In ogni modo, è chiaro che la religione frigia ebbe una speciale venerazione per Attis, e che gl'iniziati, e soprattutto i sacerdoti (con la loro evirazione), stabilivano un contatto più immediato e diretto tra sé e il dio. Ma non è forse possibile stabilire con sicurezza se e quando siano sorti in Frigia veri e proprî misteri: benché, con la perdita dell'indipendenza, conservando solo Pessinunte una sua autonomia teocratica, si verificassero condizioni che possono sembrare favorevoli al sorgere dei misteri.
Questi furono diffusi nel mondo mediterraneo dai numerosi Frigi emigratí. La prima menzione di Attis in Grecia si trova nel sec. IV a. C.; ma in territorio ellenico il culto si m0dificò abbastanza profondamente, assimilandosi in molti punti a quello di Demetra, come dimostra, tra l'altro, la formula recitata dal mista (homo moriturus) che ci è stata tramandata da Clemente Alessandrino (Protrepticus, II, 15) e, in forma alquanto diversa, da Firmico Materno (op. cit. 18): non solo l'andamento generale di essa, ma l'allusione ad atti e strumenti del culto rivela la somiglianza. Si ebbe così un vero e proprio "mistero", in cui attraverso l'iniziazione, che comprendeva forse un accoppiamento simbolico con la divinità (anche l'evirazione ha, per quanto possa apparire strano, un valore ierogamico), si acquistava la certezza della risurrezione.
In Italia i misteri di Attis penetrarono dapprima, probabilmente, attraverso le città greche dell'Italia meridionale. In Roma il culto di Cibele (v.) entrò, in seguito alla consultazione degli oracoli sibillini, ufficialmente nel 204 a. C.; e da Roma, dove ebbe un tempio sul Palatino e un suo sacerdozio regolato da una legislazione speciale, si diffuse nel resto dell'Impero. Si discute però se anche Attis sia venuto in Roma insieme con la Magna mater.
L'iconografia di Attis consiste quasi tutta in monumenti romani, bassorilievi (tra cui uno rappresentante Attis e Agdistis, nel Museo di Berlino), statuette, monete. Di grande importanza è la statua rappresentante Attis in riposo, nel Museo lateranense in Roma, in cui il dio è rappresentato con attributi che ne dimostrano abbastanza chiaramente la natura di dio della vegetazione. Essa reca l'iscrizione: Numini Attis C. Caecilius Euplus ex monitu deae.

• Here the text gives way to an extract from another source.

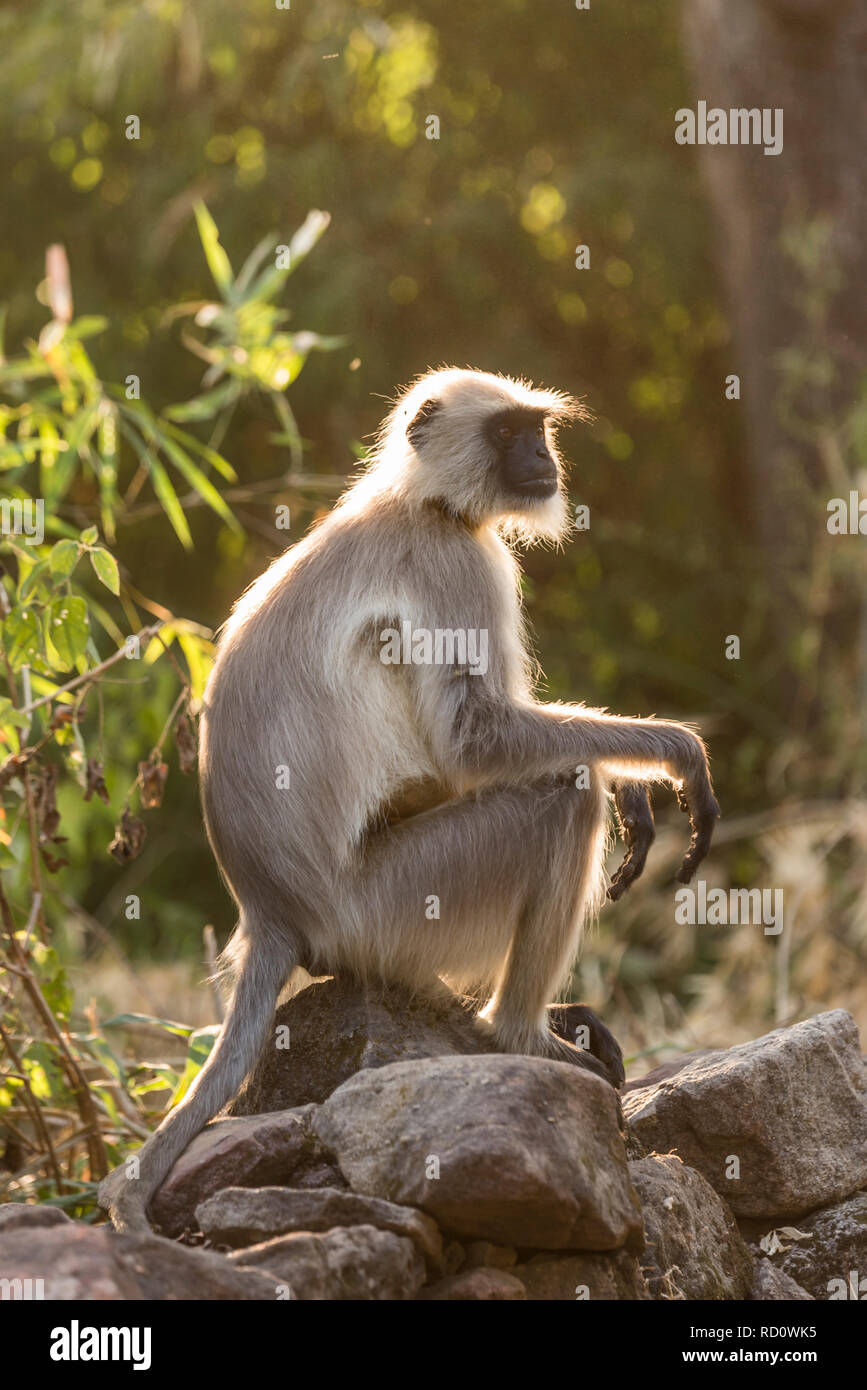 Un ritratto di un grigio scimmia langur , India Foto Stock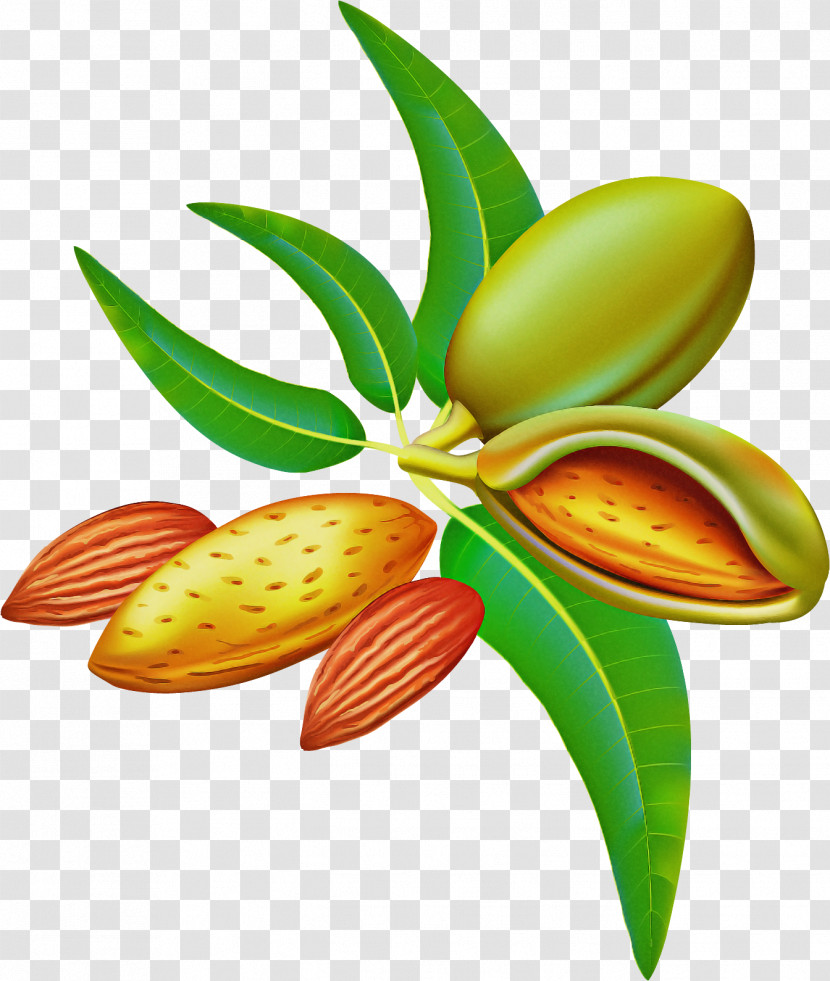 Plant Leaf Flower Transparent PNG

Bibl.: Le fonti principali sono riunite in: N. Turchi, Fontes historiae mysteriorum aevi hellenistici, Roma 1923. Oltre alle opere citate, si veda: W. M. Ramsay, articolo Phrygians, in Hastings, Encyclopaedia of Religion and Ethics, IX, p. 900 segg., Edimburgo 1917; F. Cumont, Le religioni orientali nel paganesimo romano (trad. ital.), Bari 1913; H. Hepding, Attis, seine Mythen und sein Kult, Giessen 1903; J. G. Frazer, Adonis, Attis, Osiris, Londra 1907; N. Turchi, Le religioni misteriosofiche del mondo antico, Roma 1923; R. Pettazzoni, I misteri, Bologna 1923; per la diffusione: F. Cumont, Attis, in E. De Ruggiero, Dizionario epigrafico di antichità romane, I, Roma 1895, p. 763 segg.; id., in Pauly-Wissowa, Real-Encycl., II, col. 2247 segg.; J. Toutain, Les cultes païens dans l'empire romain, II, i, Parigi 1911, pp. 73-119; H. Graillot, Le culte de Cybèle mère des dieux à Rome et dans l'empire romain, Parigi 1915; per l'iconografia, Haas, Bilderatlas für Religionsgeschichte, Lipsia-Erlangen 1926, I, nn. 134-148.